Dalam kontek tersebut penulis perna menulis tahun lalu pada kolom opini koran yang sama yakni
Harian Pagi Pertama dan terbesar di Kota Sorong (Radar Sorong) berjudul “Kritis Menilai Strategi Koruptor Di Kota
Sorong” Penulis dengan tegas katakan dalam kontek ini bukan murni koruptor namun
ini kelalaian dan kesalahan dari sistem sistem kordinasi itu sendiri, yang
membenarkan peryataan ini adalah beberapa tersangka dalam kehidupan
sehari-harinya jauh dari hidup mewah layaknya koruptor yang disangkakan kepada
merka, padahal tujuan korutor jelas-jelas untuk memperkaya diri.
Terlepas dari berbagai pandangan tentang bagaimana memecahkan kebuntuan
pelaksanaan ini dan berbagai
hal yang melatarbelakangi kebuntuan tersebut. Nampaknya terhadap pemberantasan
korupsi yang oleh sebagian besar elemen masyarakat Kota Sorong bahkan Papua umumnya, dianggap sebagai biangnya
kesengsaraan, perlu mendapat prioritas penanganan. Namun untuk konteks kasus yang melilit pemerintah Kota
Sorong, penulis sangat mengharapkan agar pengusutan dan penangganan kasus ini harap dilakukan secara
professional, dan jauh dari
intrik-intrik dan pesanan politik aktor lain karena para tersangka sebenarnya
hanya korban dari sistem. dan kemungkinan akan melibatkan banyak pihak, pejabat
dan oknum lainnya yang ada dalam barisan kepanitiaan.
Jujur sebagai seorang aktivis
penulis sudah pesimis dengan hasil kinerja pengusutan dan
eksekusi yang dilakukan oleh Tipikor Polda Papua terkait kasus-kasus korupsi, sebelumnya di kota ini belum terlihat optimal.
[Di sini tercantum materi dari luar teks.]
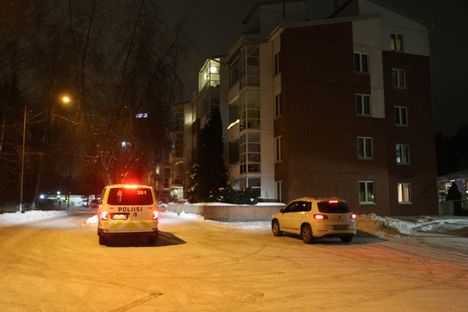 70-vuotias nainen menehtyi traagisesti omassa sängyssään Malminkartanossa: Oikeus antoi päätöksen aviomiehelle 2 70-vuotias nainen menehtyi traagisesti omassa sängyssään Malminkartanossa: Oikeus antoi päätöksen aviomiehelle 1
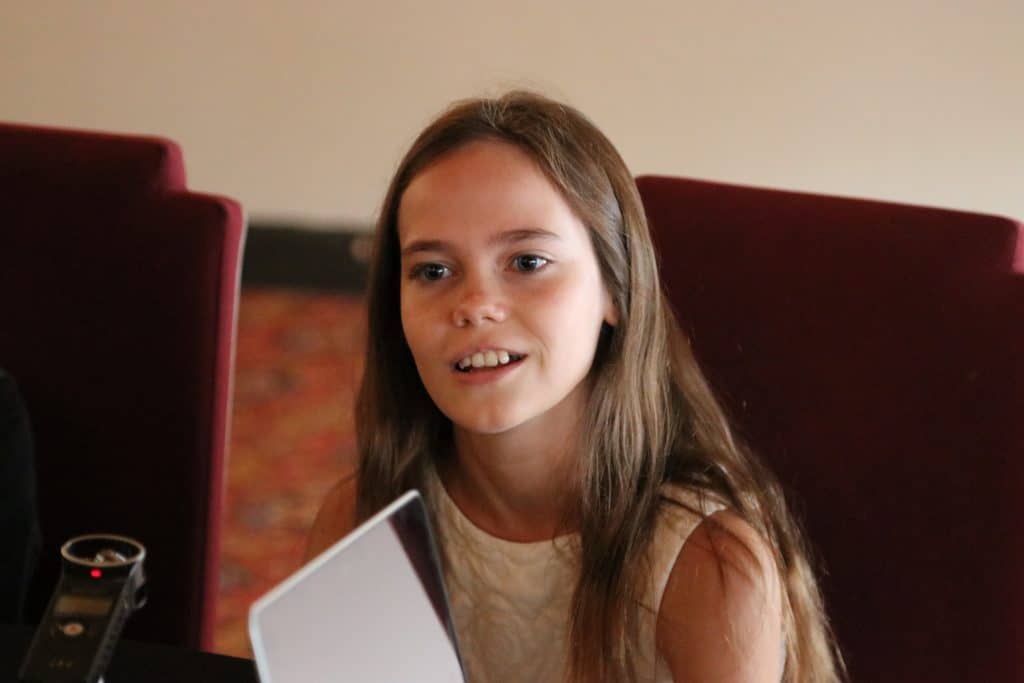 Oona Laurence 2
Sebagaimana yang
disuarakan oleh Ikatan Mahasiswa
Sorong Raya Di Kota Jayapura baru-baru ini untuk meminta Polda Papua agar tidak
terkolaborasi dan hati-hati dalam mengungkapkan kasus korupsi di Papua lebih
kusus Wilayah Sorong Raya. “Masih banyak PR di luar kasus korupsi yang belum ditangani
secara serius oleh pihak polresta, penyidik dan kejaksaan”
Saran Penulis Untuk Keluar Dari Masalah Ini
Pertama, masyarakat Kota Sorong jangan mau diserang penyakit lupa, yakni penyakit lupa ingatan yang akut, yang berhasil dibuat oleh para aktor intelktual dengan strategi jitu, sehingga penyelesaiaannya
ditingkat Kejaksaan, Polresta dan
Polda Papua tidak menguap (hilang) begitu saja, tanpa dikawal dengan
baik oleh masyarakat.
Kedua, perkuat presur grup
ditingkat akar rumput karena aktor-aktor di institusi eksekutif dan legislatif,
telah mengobok-obok rakyat dan rakyat sendiri tidak merasakan bahkan tidak becus
mengaawal, proses persetujuan dana pelantikan, jangan-jangan kesalahan itu
terulang apalagi isntitusi yang dikawal oleh rakyat dan mahasiswa di Kota
Sorong kali ini alah adinstitusi Polri khususnya Tim Penyidik dari Tipikor
Polda Papua dan Polresta serta Kejaksaan! sampai kalau hal ini yang terjadi.
Jelas ini satu kemenangan pertama dari aktor intelektual yang mengkondisikan
emosional politiknya dalam kasus ini berjalan dengan baik. yakni mengganggu
sistem pemerintahan walikota sorong.